Thursday, March 02, 2006

Kecelakaan Peziarah Paroki Bintaran


Bus Peziarah Masuk Jurang

Lima orang meninggal dan puluhan luka ringan dan berat dalam peristiwa kevelakaan yang menimpa peziarah dari Paroki Bintaran.

Duka atas tragedi kecelakaan yang menimpa siswa SMK Yapenda di Situbondo yang merenggut 54 jiwa belum lagi berakhir. Hari Minggu tanggal 26 Oktober 2003, seluruh umat Paroki St. Yusup, Bintaran, Yogyakarta, Keuskupan Agung Semarang merasakan duka yang mendalam. Rombongan peziarah dari Paroki St. Yusup Bintaran mengalami kecelakaan di Ponorogo.

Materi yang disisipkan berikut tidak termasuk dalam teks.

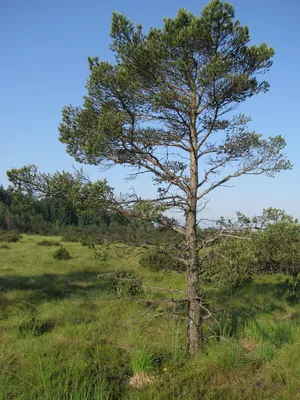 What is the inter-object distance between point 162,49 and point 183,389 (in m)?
5.86

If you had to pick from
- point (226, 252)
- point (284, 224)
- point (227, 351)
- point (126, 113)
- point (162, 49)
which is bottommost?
point (227, 351)

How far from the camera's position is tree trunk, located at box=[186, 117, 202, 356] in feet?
19.0

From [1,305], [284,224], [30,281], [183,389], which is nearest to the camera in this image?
[183,389]

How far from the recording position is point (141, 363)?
207 inches

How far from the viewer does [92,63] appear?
21.2 feet

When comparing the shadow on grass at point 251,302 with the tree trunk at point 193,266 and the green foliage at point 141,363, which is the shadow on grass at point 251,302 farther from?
the green foliage at point 141,363

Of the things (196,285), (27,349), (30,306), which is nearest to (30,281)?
(30,306)

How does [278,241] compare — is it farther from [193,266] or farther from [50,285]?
[50,285]

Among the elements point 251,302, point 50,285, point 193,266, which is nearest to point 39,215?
point 50,285

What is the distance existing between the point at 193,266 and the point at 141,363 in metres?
1.96

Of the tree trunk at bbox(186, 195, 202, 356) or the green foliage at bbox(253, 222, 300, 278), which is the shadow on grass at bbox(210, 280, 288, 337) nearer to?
the tree trunk at bbox(186, 195, 202, 356)

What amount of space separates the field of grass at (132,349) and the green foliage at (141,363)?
0.02 m

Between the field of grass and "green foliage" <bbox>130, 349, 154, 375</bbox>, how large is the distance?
0.06 feet

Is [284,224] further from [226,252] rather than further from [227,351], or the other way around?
[227,351] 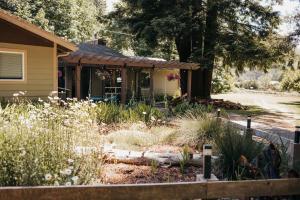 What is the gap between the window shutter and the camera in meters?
12.8

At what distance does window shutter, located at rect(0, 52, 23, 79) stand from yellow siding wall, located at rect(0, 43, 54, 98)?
215 millimetres

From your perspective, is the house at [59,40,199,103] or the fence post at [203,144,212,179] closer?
the fence post at [203,144,212,179]

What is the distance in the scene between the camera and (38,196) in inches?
122

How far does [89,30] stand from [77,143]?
38.8 meters

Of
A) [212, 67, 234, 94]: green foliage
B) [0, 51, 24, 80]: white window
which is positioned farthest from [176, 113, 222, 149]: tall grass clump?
[212, 67, 234, 94]: green foliage

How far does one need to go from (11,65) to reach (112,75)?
43.7ft

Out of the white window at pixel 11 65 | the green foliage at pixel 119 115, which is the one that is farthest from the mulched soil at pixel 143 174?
the white window at pixel 11 65

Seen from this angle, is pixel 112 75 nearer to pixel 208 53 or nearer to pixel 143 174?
pixel 208 53

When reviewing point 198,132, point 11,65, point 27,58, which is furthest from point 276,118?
point 11,65

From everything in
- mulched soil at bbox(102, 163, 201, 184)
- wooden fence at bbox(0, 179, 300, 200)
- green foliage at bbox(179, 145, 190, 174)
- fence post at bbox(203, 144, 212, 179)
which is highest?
fence post at bbox(203, 144, 212, 179)

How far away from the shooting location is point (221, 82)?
138 feet

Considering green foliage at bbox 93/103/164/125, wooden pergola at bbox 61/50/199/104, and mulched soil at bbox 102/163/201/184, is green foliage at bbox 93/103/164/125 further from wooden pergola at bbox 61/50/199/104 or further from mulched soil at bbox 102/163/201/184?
wooden pergola at bbox 61/50/199/104

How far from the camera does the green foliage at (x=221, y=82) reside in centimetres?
4081

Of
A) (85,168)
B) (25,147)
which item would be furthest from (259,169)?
(25,147) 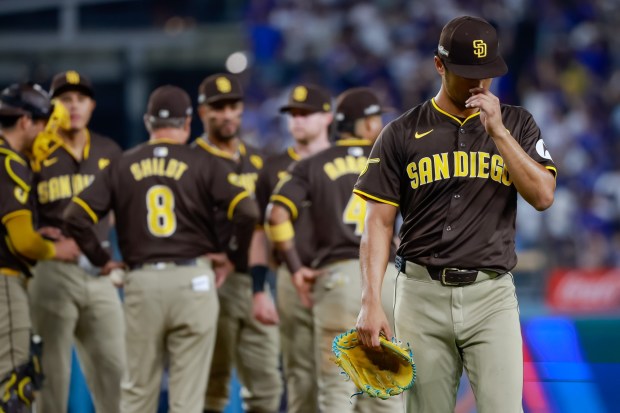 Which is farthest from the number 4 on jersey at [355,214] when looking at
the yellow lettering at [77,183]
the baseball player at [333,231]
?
the yellow lettering at [77,183]

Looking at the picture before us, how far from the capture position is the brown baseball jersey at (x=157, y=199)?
21.5 ft

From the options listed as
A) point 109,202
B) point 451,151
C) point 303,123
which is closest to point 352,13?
point 303,123

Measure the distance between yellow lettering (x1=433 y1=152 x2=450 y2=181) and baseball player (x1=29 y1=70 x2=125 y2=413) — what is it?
116 inches

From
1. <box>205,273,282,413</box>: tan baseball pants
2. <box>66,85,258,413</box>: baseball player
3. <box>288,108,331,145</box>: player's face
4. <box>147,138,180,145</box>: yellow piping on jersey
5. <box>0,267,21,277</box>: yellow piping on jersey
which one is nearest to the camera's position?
<box>0,267,21,277</box>: yellow piping on jersey

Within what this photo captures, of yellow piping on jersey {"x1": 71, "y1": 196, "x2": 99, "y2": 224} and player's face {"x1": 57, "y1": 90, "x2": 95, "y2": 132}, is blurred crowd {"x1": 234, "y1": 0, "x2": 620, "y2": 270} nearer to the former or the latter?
player's face {"x1": 57, "y1": 90, "x2": 95, "y2": 132}

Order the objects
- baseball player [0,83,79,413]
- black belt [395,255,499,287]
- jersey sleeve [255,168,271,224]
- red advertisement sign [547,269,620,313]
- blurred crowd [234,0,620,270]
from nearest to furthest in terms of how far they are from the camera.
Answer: black belt [395,255,499,287] → baseball player [0,83,79,413] → jersey sleeve [255,168,271,224] → red advertisement sign [547,269,620,313] → blurred crowd [234,0,620,270]

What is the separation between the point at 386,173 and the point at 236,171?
2853 millimetres

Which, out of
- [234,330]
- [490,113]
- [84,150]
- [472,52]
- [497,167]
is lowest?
[234,330]

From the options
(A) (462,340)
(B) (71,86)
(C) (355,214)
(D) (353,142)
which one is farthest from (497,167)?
(B) (71,86)

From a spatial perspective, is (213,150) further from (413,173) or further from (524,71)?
(524,71)

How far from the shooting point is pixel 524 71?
1800cm

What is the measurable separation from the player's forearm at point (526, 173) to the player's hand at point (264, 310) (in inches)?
116

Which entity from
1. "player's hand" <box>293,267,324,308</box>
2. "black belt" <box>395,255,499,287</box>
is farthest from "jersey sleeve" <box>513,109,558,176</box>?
"player's hand" <box>293,267,324,308</box>

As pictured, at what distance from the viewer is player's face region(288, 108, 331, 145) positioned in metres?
7.64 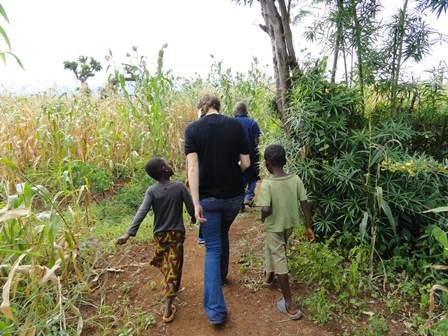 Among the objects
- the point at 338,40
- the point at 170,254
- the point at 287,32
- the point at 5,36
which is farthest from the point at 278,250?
the point at 338,40

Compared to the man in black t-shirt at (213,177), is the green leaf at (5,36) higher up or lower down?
higher up

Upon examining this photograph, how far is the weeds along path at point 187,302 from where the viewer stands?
2471mm

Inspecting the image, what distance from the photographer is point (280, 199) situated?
2.47m

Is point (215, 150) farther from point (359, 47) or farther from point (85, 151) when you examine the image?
point (85, 151)

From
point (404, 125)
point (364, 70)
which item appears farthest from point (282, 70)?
point (404, 125)

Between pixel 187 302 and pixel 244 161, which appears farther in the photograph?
pixel 187 302

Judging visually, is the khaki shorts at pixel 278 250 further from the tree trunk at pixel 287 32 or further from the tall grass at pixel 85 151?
the tree trunk at pixel 287 32

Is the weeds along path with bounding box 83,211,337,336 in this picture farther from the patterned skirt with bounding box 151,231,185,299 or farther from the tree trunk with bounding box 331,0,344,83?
the tree trunk with bounding box 331,0,344,83

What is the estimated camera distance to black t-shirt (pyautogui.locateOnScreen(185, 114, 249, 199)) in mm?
2338

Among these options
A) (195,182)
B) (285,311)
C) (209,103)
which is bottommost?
(285,311)

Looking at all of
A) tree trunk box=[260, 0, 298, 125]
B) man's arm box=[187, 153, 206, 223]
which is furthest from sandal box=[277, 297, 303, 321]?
tree trunk box=[260, 0, 298, 125]

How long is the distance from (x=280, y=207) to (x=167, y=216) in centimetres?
84

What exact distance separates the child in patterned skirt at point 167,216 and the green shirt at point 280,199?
0.57 meters

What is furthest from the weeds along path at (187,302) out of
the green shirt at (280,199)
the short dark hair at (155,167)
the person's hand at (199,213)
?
the short dark hair at (155,167) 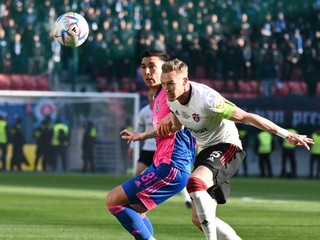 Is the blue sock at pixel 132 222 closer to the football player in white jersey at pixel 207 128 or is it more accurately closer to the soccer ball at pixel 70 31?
the football player in white jersey at pixel 207 128

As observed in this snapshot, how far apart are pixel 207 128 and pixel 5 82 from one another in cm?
2589

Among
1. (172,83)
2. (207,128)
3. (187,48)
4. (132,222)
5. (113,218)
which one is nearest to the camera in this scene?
(172,83)

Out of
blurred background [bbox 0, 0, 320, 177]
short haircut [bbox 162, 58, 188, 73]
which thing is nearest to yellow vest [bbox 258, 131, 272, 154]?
blurred background [bbox 0, 0, 320, 177]

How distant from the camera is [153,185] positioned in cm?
855

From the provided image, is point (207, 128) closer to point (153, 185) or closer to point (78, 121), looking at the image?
point (153, 185)

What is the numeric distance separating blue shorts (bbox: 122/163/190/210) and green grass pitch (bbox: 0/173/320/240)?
2.83 meters

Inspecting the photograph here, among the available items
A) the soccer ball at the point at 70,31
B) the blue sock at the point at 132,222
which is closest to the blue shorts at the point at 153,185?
the blue sock at the point at 132,222

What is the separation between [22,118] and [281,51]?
10387 mm

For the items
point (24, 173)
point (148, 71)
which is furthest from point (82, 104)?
point (148, 71)

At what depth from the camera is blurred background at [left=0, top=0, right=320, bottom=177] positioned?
3400cm

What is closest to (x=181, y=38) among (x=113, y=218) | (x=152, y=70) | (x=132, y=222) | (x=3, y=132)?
(x=3, y=132)

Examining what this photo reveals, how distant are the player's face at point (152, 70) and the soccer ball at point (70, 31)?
250cm

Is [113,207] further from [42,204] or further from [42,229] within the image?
[42,204]

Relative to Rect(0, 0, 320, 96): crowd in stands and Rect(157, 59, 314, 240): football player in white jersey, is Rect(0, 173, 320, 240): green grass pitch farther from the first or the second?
Rect(0, 0, 320, 96): crowd in stands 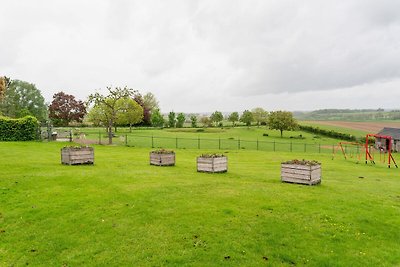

Kurang lebih pukul 16.30 WIB bus yang ditumpangi rombongan peziarah masuk jurang sekitar kurang lebih 4 kilometer dari tempat peziarahan Sendang Waluya Jatiningsih, Ponorogo. Tidak hanya umat Paroki Bintaran khususnya lingkungan Brayat Minulya mengalami duka yang mendalam tetapi juga seluruh umat KAS. Hal ini diungkapkan Romo Jarot, Pr, Kepala Paroki Bintaran dalam pembukaan Ekaristi pemberkatan jenazah hari Senin (27/10) di Gereja Bintaran.

Korban yang meninggal dunia dalam kecelakaan tersebut 5 orang. Masing-masing, Yohanes Pulung Sujani (61 tahun), Maria Magdalena Sri Sugati (51), Catarina Heri Antini (51), Theresia Sumarsih Sukarman (58), dan Maria Yuliana Suhadiati (56 tahun). Korban luka-luka 21 orang termasuk sopir bus.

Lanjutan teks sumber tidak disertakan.